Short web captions
● ● ● ● ●

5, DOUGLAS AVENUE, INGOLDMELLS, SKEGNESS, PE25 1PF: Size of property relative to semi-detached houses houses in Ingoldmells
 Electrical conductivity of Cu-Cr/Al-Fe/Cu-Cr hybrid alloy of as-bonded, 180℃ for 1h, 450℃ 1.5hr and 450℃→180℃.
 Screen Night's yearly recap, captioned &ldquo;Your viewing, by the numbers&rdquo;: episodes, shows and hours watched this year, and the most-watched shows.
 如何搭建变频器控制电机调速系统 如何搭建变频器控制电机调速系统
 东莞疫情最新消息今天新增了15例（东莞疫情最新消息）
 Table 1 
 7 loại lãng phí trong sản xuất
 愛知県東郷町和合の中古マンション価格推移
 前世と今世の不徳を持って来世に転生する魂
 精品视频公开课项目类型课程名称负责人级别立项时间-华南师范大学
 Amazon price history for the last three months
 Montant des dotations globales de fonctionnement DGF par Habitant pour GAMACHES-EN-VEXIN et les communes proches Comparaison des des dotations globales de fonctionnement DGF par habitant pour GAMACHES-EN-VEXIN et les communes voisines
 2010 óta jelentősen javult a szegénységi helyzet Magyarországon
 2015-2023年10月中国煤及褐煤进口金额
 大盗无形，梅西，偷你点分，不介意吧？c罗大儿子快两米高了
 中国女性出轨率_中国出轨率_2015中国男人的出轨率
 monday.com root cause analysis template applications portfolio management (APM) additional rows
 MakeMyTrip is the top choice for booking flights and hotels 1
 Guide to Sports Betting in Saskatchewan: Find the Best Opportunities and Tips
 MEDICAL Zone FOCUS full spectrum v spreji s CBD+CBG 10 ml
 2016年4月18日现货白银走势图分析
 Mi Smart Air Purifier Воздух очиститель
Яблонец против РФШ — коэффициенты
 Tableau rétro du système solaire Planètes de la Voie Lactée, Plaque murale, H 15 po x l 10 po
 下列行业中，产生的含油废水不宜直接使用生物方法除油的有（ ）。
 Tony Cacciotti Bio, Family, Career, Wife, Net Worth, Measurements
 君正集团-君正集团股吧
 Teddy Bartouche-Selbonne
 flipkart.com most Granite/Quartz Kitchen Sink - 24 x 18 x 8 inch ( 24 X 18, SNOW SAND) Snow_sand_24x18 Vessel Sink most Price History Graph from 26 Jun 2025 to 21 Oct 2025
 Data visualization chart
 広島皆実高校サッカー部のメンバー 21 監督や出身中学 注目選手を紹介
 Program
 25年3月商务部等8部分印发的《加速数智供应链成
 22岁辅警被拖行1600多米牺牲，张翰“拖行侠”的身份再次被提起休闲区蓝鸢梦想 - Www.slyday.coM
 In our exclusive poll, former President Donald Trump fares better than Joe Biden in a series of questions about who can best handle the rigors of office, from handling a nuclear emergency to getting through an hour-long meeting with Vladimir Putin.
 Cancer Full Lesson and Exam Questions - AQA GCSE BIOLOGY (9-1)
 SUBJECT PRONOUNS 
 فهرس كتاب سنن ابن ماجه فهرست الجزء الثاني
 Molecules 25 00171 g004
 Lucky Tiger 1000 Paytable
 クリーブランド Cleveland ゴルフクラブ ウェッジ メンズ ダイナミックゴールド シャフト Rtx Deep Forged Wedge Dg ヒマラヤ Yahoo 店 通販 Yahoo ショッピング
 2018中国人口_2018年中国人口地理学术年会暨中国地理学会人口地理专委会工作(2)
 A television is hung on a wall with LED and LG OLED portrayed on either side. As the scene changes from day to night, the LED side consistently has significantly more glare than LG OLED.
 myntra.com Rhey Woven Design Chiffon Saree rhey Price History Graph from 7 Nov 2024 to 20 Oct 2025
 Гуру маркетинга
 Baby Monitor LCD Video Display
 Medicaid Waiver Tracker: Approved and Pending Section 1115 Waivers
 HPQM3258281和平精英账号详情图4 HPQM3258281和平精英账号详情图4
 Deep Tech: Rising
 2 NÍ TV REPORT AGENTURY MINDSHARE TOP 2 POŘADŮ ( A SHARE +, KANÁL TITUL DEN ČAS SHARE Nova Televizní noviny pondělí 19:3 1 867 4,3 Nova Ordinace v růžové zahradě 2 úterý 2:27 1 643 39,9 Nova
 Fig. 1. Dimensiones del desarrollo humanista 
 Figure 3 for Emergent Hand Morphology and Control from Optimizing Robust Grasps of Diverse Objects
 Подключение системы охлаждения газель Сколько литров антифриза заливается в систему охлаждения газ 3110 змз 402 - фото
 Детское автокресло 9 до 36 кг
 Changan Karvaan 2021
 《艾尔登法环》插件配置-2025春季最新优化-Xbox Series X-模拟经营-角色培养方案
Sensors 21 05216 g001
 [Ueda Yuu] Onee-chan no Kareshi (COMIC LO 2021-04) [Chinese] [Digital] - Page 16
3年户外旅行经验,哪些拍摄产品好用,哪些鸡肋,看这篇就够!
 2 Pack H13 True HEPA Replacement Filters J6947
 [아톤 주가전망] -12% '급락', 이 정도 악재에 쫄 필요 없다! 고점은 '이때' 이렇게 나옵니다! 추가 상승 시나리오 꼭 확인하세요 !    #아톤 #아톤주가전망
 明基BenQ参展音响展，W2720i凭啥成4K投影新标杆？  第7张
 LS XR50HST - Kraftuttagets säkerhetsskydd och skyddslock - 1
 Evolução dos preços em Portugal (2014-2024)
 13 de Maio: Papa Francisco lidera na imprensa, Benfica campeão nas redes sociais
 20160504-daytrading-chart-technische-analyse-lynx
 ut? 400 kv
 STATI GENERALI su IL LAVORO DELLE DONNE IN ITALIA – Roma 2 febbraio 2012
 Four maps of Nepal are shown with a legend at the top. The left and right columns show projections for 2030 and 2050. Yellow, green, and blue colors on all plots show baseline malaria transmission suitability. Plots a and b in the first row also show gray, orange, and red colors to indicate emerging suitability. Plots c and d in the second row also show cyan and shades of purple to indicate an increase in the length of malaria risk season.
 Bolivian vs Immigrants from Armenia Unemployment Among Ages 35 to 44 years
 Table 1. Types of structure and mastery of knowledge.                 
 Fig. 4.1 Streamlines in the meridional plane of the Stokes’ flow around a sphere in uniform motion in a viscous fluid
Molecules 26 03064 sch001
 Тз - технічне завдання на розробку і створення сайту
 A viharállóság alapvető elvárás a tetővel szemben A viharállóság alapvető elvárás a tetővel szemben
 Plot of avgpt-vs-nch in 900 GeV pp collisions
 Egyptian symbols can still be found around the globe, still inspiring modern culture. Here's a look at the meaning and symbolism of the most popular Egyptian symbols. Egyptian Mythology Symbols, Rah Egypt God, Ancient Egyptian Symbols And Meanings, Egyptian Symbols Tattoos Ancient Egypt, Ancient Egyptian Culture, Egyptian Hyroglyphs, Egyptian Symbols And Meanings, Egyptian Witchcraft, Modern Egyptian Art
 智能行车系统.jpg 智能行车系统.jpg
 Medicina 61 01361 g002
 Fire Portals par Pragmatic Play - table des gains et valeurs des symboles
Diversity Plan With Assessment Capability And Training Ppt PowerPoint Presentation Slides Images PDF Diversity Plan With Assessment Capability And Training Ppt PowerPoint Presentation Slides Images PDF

● ● ● ● ●

**Exercise:** Make a word-for-word copy of the records.

**Task output:**
5, DOUGLAS AVENUE, INGOLDMELLS, SKEGNESS, PE25 1PF: Size of property relative to semi-detached houses houses in Ingoldmells
 Electrical conductivity of Cu-Cr/Al-Fe/Cu-Cr hybrid alloy of as-bonded, 180℃ for 1h, 450℃ 1.5hr and 450℃→180℃.
 Screen Night's yearly recap, captioned &ldquo;Your viewing, by the numbers&rdquo;: episodes, shows and hours watched this year, and the most-watched shows.
 如何搭建变频器控制电机调速系统 如何搭建变频器控制电机调速系统
 东莞疫情最新消息今天新增了15例（东莞疫情最新消息）
 Table 1 
 7 loại lãng phí trong sản xuất
 愛知県東郷町和合の中古マンション価格推移
 前世と今世の不徳を持って来世に転生する魂
 精品视频公开课项目类型课程名称负责人级别立项时间-华南师范大学
 Amazon price history for the last three months
 Montant des dotations globales de fonctionnement DGF par Habitant pour GAMACHES-EN-VEXIN et les communes proches Comparaison des des dotations globales de fonctionnement DGF par habitant pour GAMACHES-EN-VEXIN et les communes voisines
 2010 óta jelentősen javult a szegénységi helyzet Magyarországon
 2015-2023年10月中国煤及褐煤进口金额
 大盗无形，梅西，偷你点分，不介意吧？c罗大儿子快两米高了
 中国女性出轨率_中国出轨率_2015中国男人的出轨率
 monday.com root cause analysis template applications portfolio management (APM) additional rows
 MakeMyTrip is the top choice for booking flights and hotels 1
 Guide to Sports Betting in Saskatchewan: Find the Best Opportunities and Tips
 MEDICAL Zone FOCUS full spectrum v spreji s CBD+CBG 10 ml
 2016年4月18日现货白银走势图分析
 Mi Smart Air Purifier Воздух очиститель
Яблонец против РФШ — коэффициенты
 Tableau rétro du système solaire Planètes de la Voie Lactée, Plaque murale, H 15 po x l 10 po
 下列行业中，产生的含油废水不宜直接使用生物方法除油的有（ ）。
 Tony Cacciotti Bio, Family, Career, Wife, Net Worth, Measurements
 君正集团-君正集团股吧
 Teddy Bartouche-Selbonne
 flipkart.com most Granite/Quartz Kitchen Sink - 24 x 18 x 8 inch ( 24 X 18, SNOW SAND) Snow_sand_24x18 Vessel Sink most Price History Graph from 26 Jun 2025 to 21 Oct 2025
 Data visualization chart
 広島皆実高校サッカー部のメンバー 21 監督や出身中学 注目選手を紹介
 Program
 25年3月商务部等8部分印发的《加速数智供应链成
 22岁辅警被拖行1600多米牺牲，张翰“拖行侠”的身份再次被提起休闲区蓝鸢梦想 - Www.slyday.coM
 In our exclusive poll, former President Donald Trump fares better than Joe Biden in a series of questions about who can best handle the rigors of office, from handling a nuclear emergency to getting through an hour-long meeting with Vladimir Putin.
 Cancer Full Lesson and Exam Questions - AQA GCSE BIOLOGY (9-1)
 SUBJECT PRONOUNS 
 فهرس كتاب سنن ابن ماجه فهرست الجزء الثاني
 Molecules 25 00171 g004
 Lucky Tiger 1000 Paytable
 クリーブランド Cleveland ゴルフクラブ ウェッジ メンズ ダイナミックゴールド シャフト Rtx Deep Forged Wedge Dg ヒマラヤ Yahoo 店 通販 Yahoo ショッピング
 2018中国人口_2018年中国人口地理学术年会暨中国地理学会人口地理专委会工作(2)
 A television is hung on a wall with LED and LG OLED portrayed on either side. As the scene changes from day to night, the LED side consistently has significantly more glare than LG OLED.
 myntra.com Rhey Woven Design Chiffon Saree rhey Price History Graph from 7 Nov 2024 to 20 Oct 2025
 Гуру маркетинга
 Baby Monitor LCD Video Display
 Medicaid Waiver Tracker: Approved and Pending Section 1115 Waivers
 HPQM3258281和平精英账号详情图4 HPQM3258281和平精英账号详情图4
 Deep Tech: Rising
 2 NÍ TV REPORT AGENTURY MINDSHARE TOP 2 POŘADŮ ( A SHARE +, KANÁL TITUL DEN ČAS SHARE Nova Televizní noviny pondělí 19:3 1 867 4,3 Nova Ordinace v růžové zahradě 2 úterý 2:27 1 643 39,9 Nova
 Fig. 1. Dimensiones del desarrollo humanista 
 Figure 3 for Emergent Hand Morphology and Control from Optimizing Robust Grasps of Diverse Objects
 Подключение системы охлаждения газель Сколько литров антифриза заливается в систему охлаждения газ 3110 змз 402 - фото
 Детское автокресло 9 до 36 кг
 Changan Karvaan 2021
 《艾尔登法环》插件配置-2025春季最新优化-Xbox Series X-模拟经营-角色培养方案
Sensors 21 05216 g001
 [Ueda Yuu] Onee-chan no Kareshi (COMIC LO 2021-04) [Chinese] [Digital] - Page 16
3年户外旅行经验,哪些拍摄产品好用,哪些鸡肋,看这篇就够!
 2 Pack H13 True HEPA Replacement Filters J6947
 [아톤 주가전망] -12% '급락', 이 정도 악재에 쫄 필요 없다! 고점은 '이때' 이렇게 나옵니다! 추가 상승 시나리오 꼭 확인하세요 !    #아톤 #아톤주가전망
 明基BenQ参展音响展，W2720i凭啥成4K投影新标杆？  第7张
 LS XR50HST - Kraftuttagets säkerhetsskydd och skyddslock - 1
 Evolução dos preços em Portugal (2014-2024)
 13 de Maio: Papa Francisco lidera na imprensa, Benfica campeão nas redes sociais
 20160504-daytrading-chart-technische-analyse-lynx
 ut? 400 kv
 STATI GENERALI su IL LAVORO DELLE DONNE IN ITALIA – Roma 2 febbraio 2012
 Four maps of Nepal are shown with a legend at the top. The left and right columns show projections for 2030 and 2050. Yellow, green, and blue colors on all plots show baseline malaria transmission suitability. Plots a and b in the first row also show gray, orange, and red colors to indicate emerging suitability. Plots c and d in the second row also show cyan and shades of purple to indicate an increase in the length of malaria risk season.
 Bolivian vs Immigrants from Armenia Unemployment Among Ages 35 to 44 years
 Table 1. Types of structure and mastery of knowledge.                 
 Fig. 4.1 Streamlines in the meridional plane of the Stokes’ flow around a sphere in uniform motion in a viscous fluid
Molecules 26 03064 sch001
 Тз - технічне завдання на розробку і створення сайту
 A viharállóság alapvető elvárás a tetővel szemben A viharállóság alapvető elvárás a tetővel szemben
 Plot of avgpt-vs-nch in 900 GeV pp collisions
 Egyptian symbols can still be found around the globe, still inspiring modern culture. Here's a look at the meaning and symbolism of the most popular Egyptian symbols. Egyptian Mythology Symbols, Rah Egypt God, Ancient Egyptian Symbols And Meanings, Egyptian Symbols Tattoos Ancient Egypt, Ancient Egyptian Culture, Egyptian Hyroglyphs, Egyptian Symbols And Meanings, Egyptian Witchcraft, Modern Egyptian Art
 智能行车系统.jpg 智能行车系统.jpg
 Medicina 61 01361 g002
 Fire Portals par Pragmatic Play - table des gains et valeurs des symboles
Diversity Plan With Assessment Capability And Training Ppt PowerPoint Presentation Slides Images PDF Diversity Plan With Assessment Capability And Training Ppt PowerPoint Presentation Slides Images PDF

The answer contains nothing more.